There is little doubt that autonomous drones will be able to outfight distant human operators looking through computer monitors and wrestling with joysticks. Some of Ukraine’s new UGV minesweepers literally weigh a ton. There will be autonomous vehicles with enough armor and firepower to be considered tanks soon enough, and they will need sophisticated anti-aircraft weapons to fend off swarms of smaller, cheaper UAVs.

The balance of drone warfare has seesawed between Ukraine and Russia throughout the conflict. Ukraine’s early advantages, including top-shelf Turkish-made attack drones that could be launched out of pickup trucks, clearly took the Russian military by surprise, but they adapted quickly.

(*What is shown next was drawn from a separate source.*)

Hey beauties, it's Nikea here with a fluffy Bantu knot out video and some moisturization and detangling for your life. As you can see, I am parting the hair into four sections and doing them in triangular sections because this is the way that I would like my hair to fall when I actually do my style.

Ukraine might have the edge again at the moment. Moscow is furious about the success of Ukraine’s “deep strike” drones against Russian oil, gas, and ammunition storage facilities. Ukrainian commanders say their success is due as much to careful planning and skilled, seasoned human operators as it is to the technical sophistication of their drones.

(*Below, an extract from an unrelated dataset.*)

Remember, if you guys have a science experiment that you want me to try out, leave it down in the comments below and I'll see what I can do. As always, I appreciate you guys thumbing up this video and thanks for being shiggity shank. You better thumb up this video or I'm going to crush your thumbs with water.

“The strikes are good for morale, complicate Russian planning, and tie up air defenses. They show that Russia isn’t invulnerable and cannot attack Ukraine with impunity,” senior Carnegie Endowment for International Peace fellow Michael Kofman told the Washington Post on Thursday.

“But unlike cruise missiles, most drones launched are shot down,” Kofman continued. “The damage they inflict to Russian infrastructure has so far not been able to change the dynamic in this war, but nonetheless is something Moscow undoubtedly wants to halt.”

This could prove to be another incentive for developing hyperwar technology, as autonomous drone swarms with less need for top-ranked human operators could conduct deep strike missions with more strategic impact – and autonomous defensive drones might be the only effective countermeasure.

In the early hours of Thursday morning, Ukrainian drones were reportedly able to severely damage the Engels-2 airbus in Satarov Oblast, Russia. According to Ukrainian intelligence officials, it was one of the heaviest drone attacks of the war and it may have compromised or knocked out an airbase that was vital to Russia’s massive aerial attacks on Ukrainian cities.

The Security Service of Ukraine (SBU) claimed Russia’s air defenses were largely “ineffective” against the drone swarm, and caused major accidental damage to civilian structures around the airbase.

The Russian Defense Ministry, on the other hand, claimed Russian forces were able to shoot down 132 Ukrainian drones overnight, 54 of them over Saratov Oblast.

The great fear looming over hyperwar is that human commanders might not be able to keep tabs on the lightning-fast attacks and defenses conducted by autonomous swarms. The greater fear for military planners today is falling behind in the sort of rapidly mutating drone war fought between Ukraine and Russia, in which ages pass every few weeks.